■ Data excerpt:
○ ○ ○ ○ ○
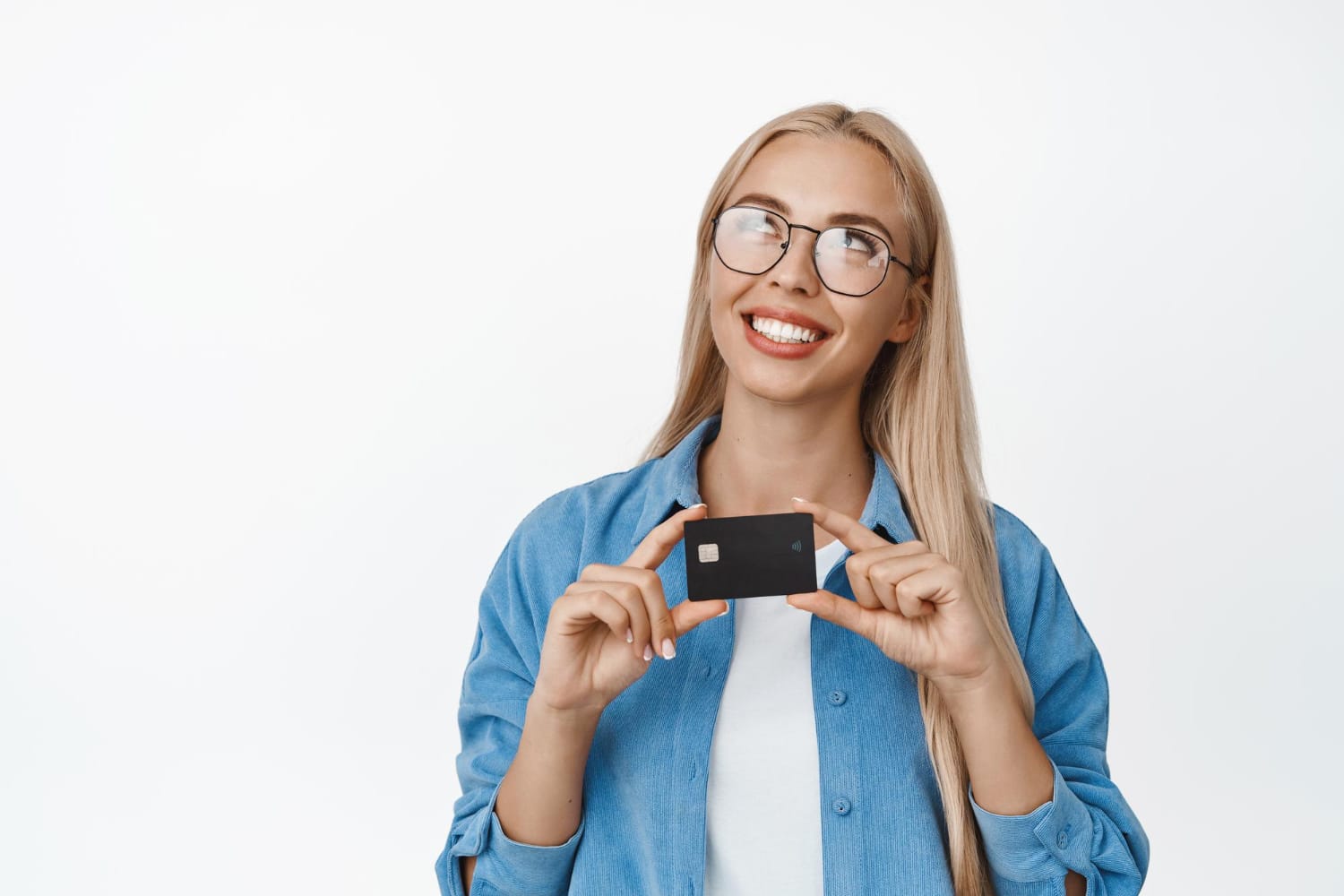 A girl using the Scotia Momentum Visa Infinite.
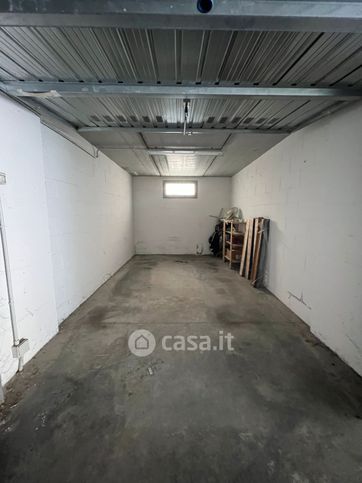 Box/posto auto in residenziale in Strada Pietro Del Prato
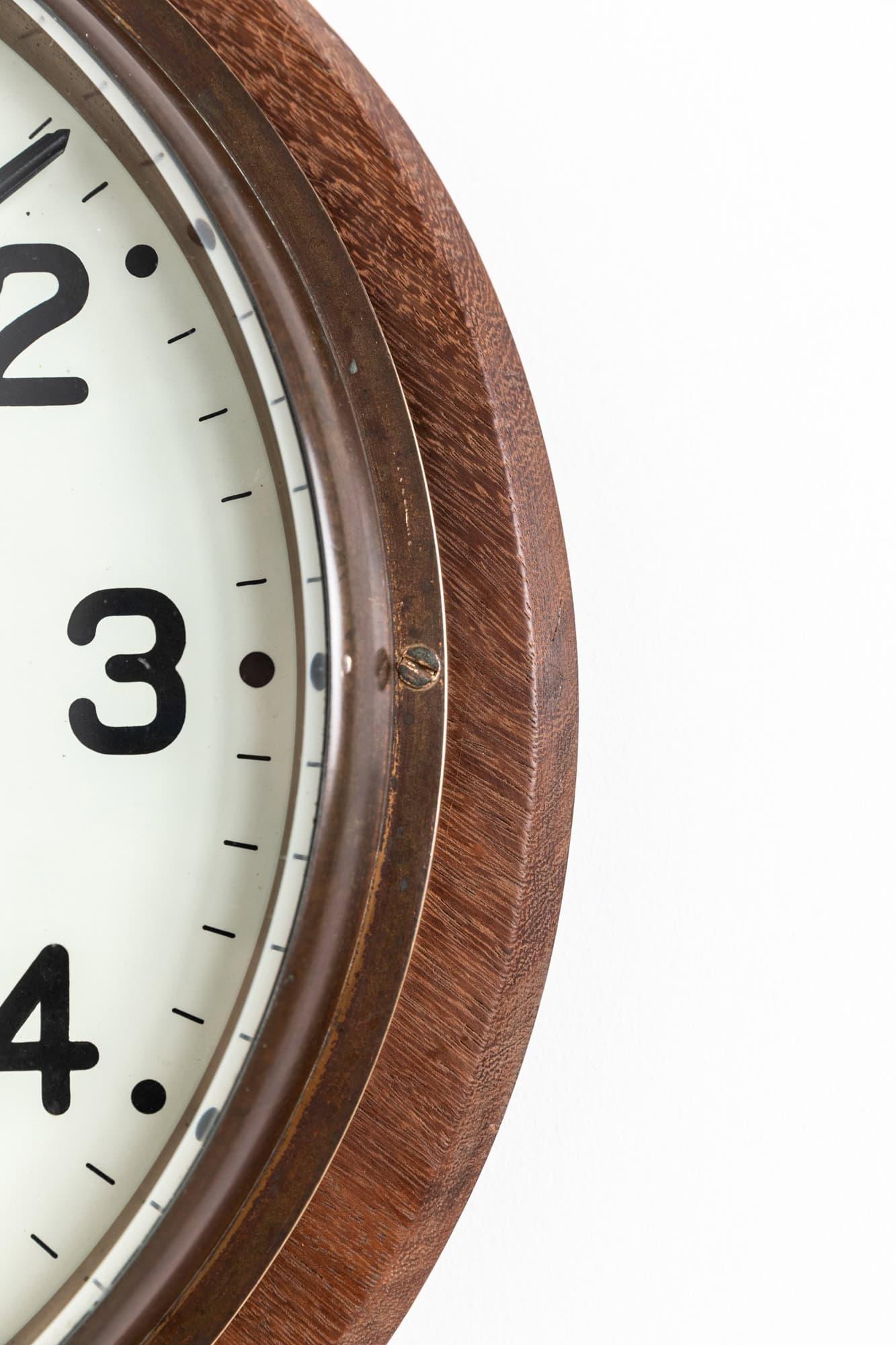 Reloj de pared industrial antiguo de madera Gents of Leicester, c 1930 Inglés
○ ○ ○ ○ ○
■ Activity: Would you output the data exactly, without any of its images?

■ Output of the exercise:
 A girl using the Scotia Momentum Visa Infinite.
 Box/posto auto in residenziale in Strada Pietro Del Prato
 Reloj de pared industrial antiguo de madera Gents of Leicester, c 1930 Inglés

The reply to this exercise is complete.